I DON'T even want to ask if he's had sex. Although I don't think he has, but I'm afraid to ask just in case the answer is yes, because I'm not sure I'm ready for that. He's a pretty good kid, and doesn't usually do things to "shock" me.
So many things, and I am probably not the best one to articulate on this, but I will try.
This is not about you. This is not your fault. You did not "do" this.
This is about your son. If he knows the words and uses them correctly when reffering to himself, then it is very likely he understands what he is saying to you.
You're afraid to talk about sex with your son? You can not afford to hide from this issue. You need to make shure that he is safe (safer). You owe it to him, and you owe this to yourself.

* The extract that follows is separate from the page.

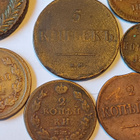 1795-1855 Venäläiset vanhat kolikot 8 kpl - pikkukuva 3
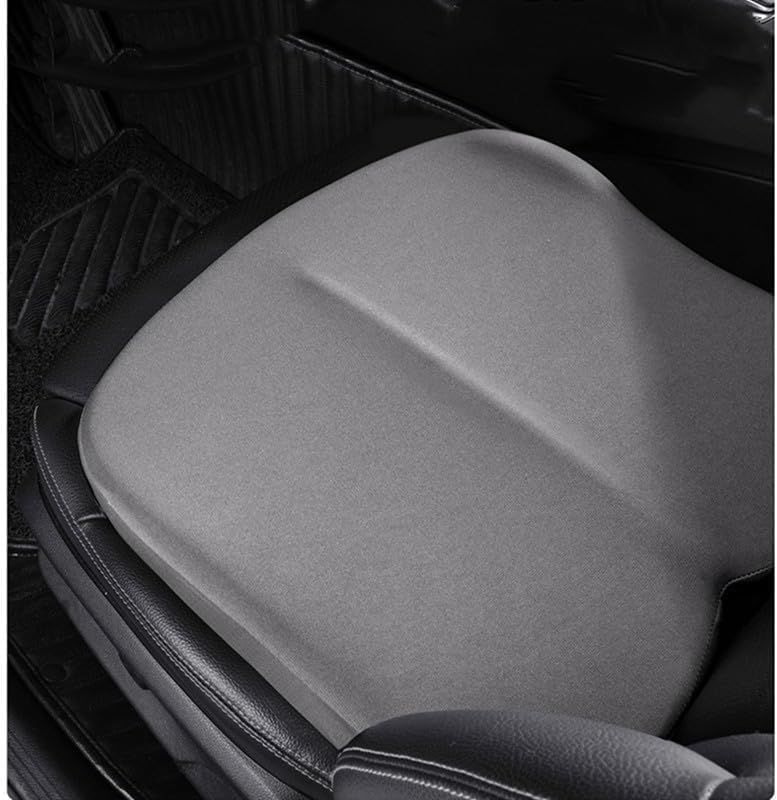 Adult Car Booster Seat Cushion, Car Seat Driver Height Boost Mat Memory Foam Car Seat Cushions Pad Improve Driving View Non-Slip 3D Office Chair Cushion Pressure Relief (Black)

I think it would be reasurring to him for you to thank him for being open and honest, as sharing this kind of thing with a parent is not easy, even at 27.
Who knows, maybe this is just a phase. But as he matures and he becomes the man he will be, he may go more towards either end of the spectrum.
I do not mean to sound preachy or judgemental at all. I went (am still going?) throught this mostly on my own. The coming out process for me was somewhat adversarial, but has settled down now. I think you have a valuable opportunity to work with your son, and help him be a well adjusted, happy human being.
I wish you the best. If you want, I am open to PMing or speaking with you.